YOUR INSTRUCTIONS ▸ The answer must be only the lines below from the one holding "The image shows" down to the one holding "USA, New York", ends included, printed exactly; please omit all pictures.

RECORDS PROVIDED ▸

-- Opening Marker --

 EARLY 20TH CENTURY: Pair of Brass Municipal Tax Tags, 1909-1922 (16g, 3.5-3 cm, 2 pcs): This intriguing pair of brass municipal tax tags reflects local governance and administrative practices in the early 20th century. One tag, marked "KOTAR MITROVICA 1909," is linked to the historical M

-- Closing Marker --
-- Opening Marker --

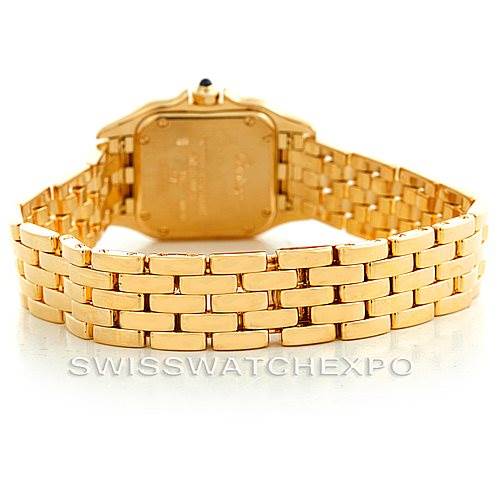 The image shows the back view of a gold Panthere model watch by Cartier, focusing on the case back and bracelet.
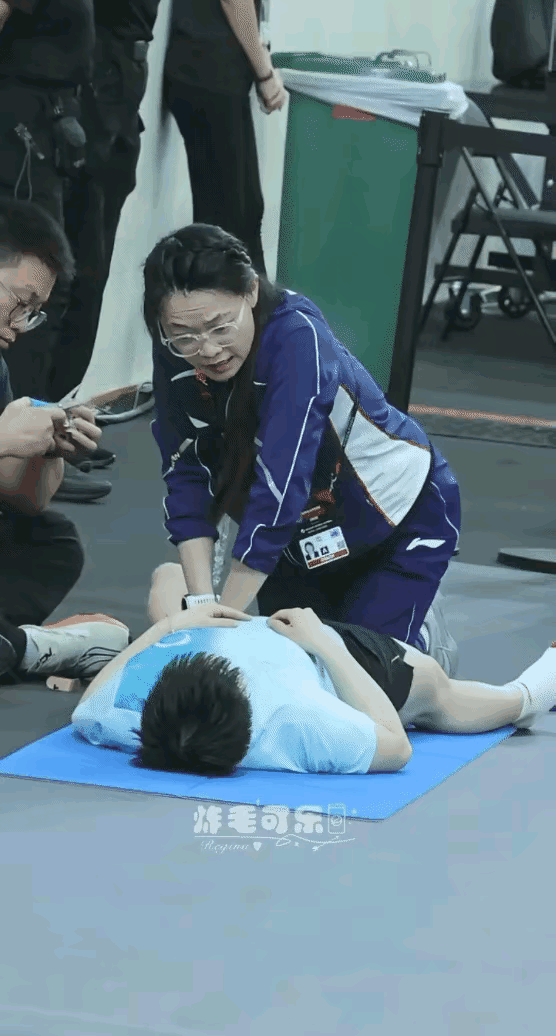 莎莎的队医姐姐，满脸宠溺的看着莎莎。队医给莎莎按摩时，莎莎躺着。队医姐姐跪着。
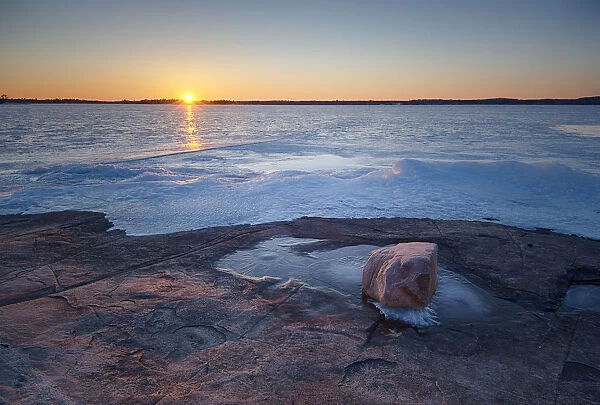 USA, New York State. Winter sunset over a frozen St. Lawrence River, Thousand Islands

-- Closing Marker --

SOLUTION TO THE PROBLEM ▸
 The image shows the back view of a gold Panthere model watch by Cartier, focusing on the case back and bracelet.
 莎莎的队医姐姐，满脸宠溺的看着莎莎。队医给莎莎按摩时，莎莎躺着。队医姐姐跪着。
 USA, New York State. Winter sunset over a frozen St. Lawrence River, Thousand Islands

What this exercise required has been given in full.